Given information:
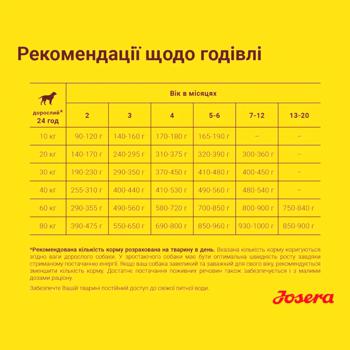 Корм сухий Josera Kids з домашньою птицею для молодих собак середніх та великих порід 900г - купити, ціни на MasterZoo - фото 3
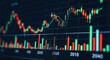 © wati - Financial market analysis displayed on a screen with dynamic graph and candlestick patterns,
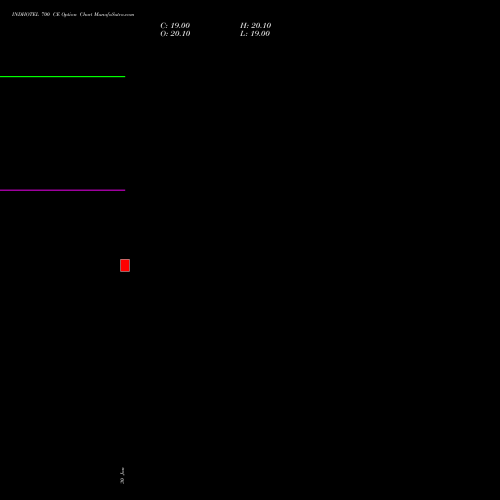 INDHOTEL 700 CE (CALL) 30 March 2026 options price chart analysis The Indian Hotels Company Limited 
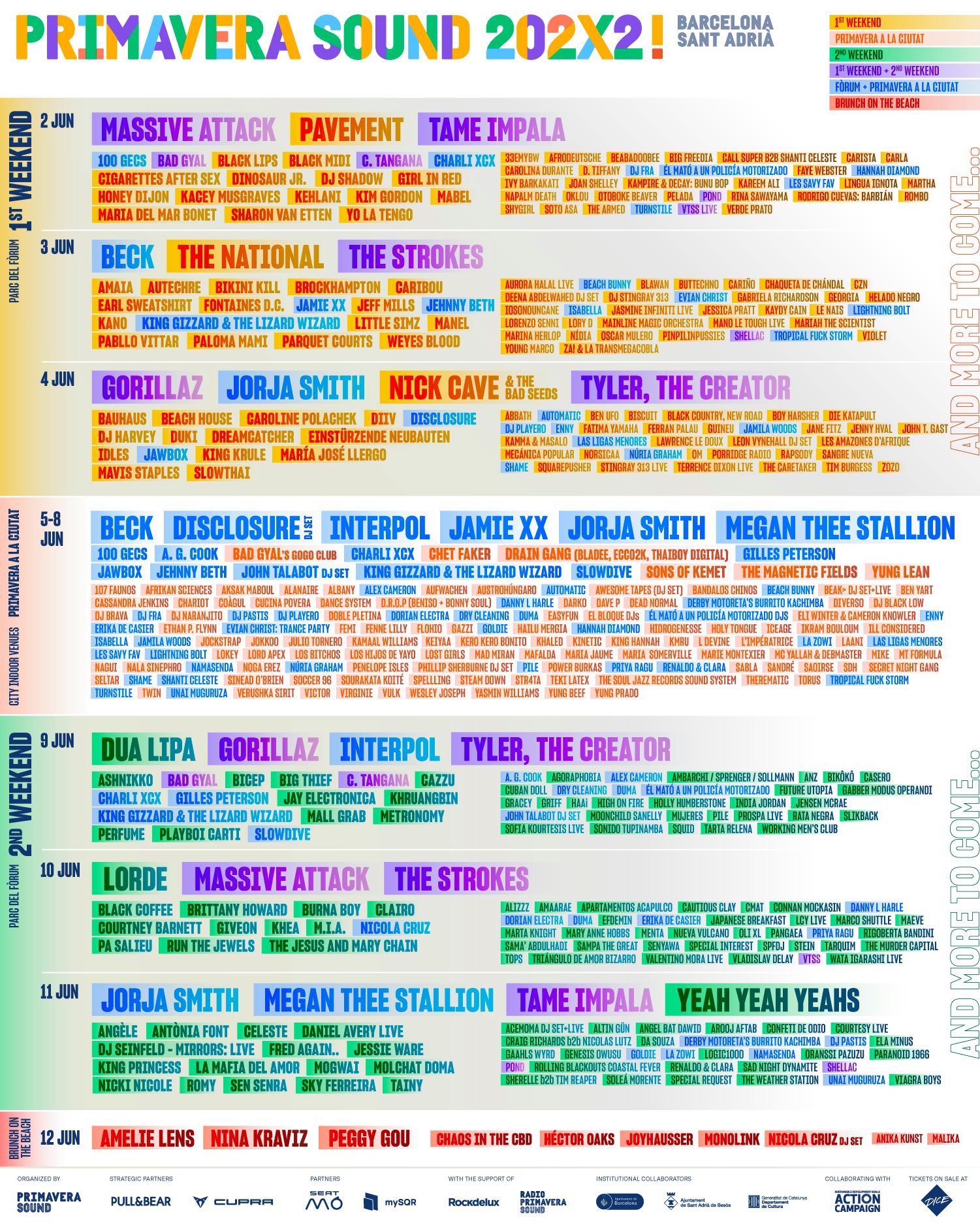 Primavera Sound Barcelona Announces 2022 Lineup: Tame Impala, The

What you need to do:
Leave out the images and copy all remaining data word for word.

Response area:
 Корм сухий Josera Kids з домашньою птицею для молодих собак середніх та великих порід 900г - купити, ціни на MasterZoo - фото 3
 © wati - Financial market analysis displayed on a screen with dynamic graph and candlestick patterns,
 INDHOTEL 700 CE (CALL) 30 March 2026 options price chart analysis The Indian Hotels Company Limited 
 Primavera Sound Barcelona Announces 2022 Lineup: Tame Impala, The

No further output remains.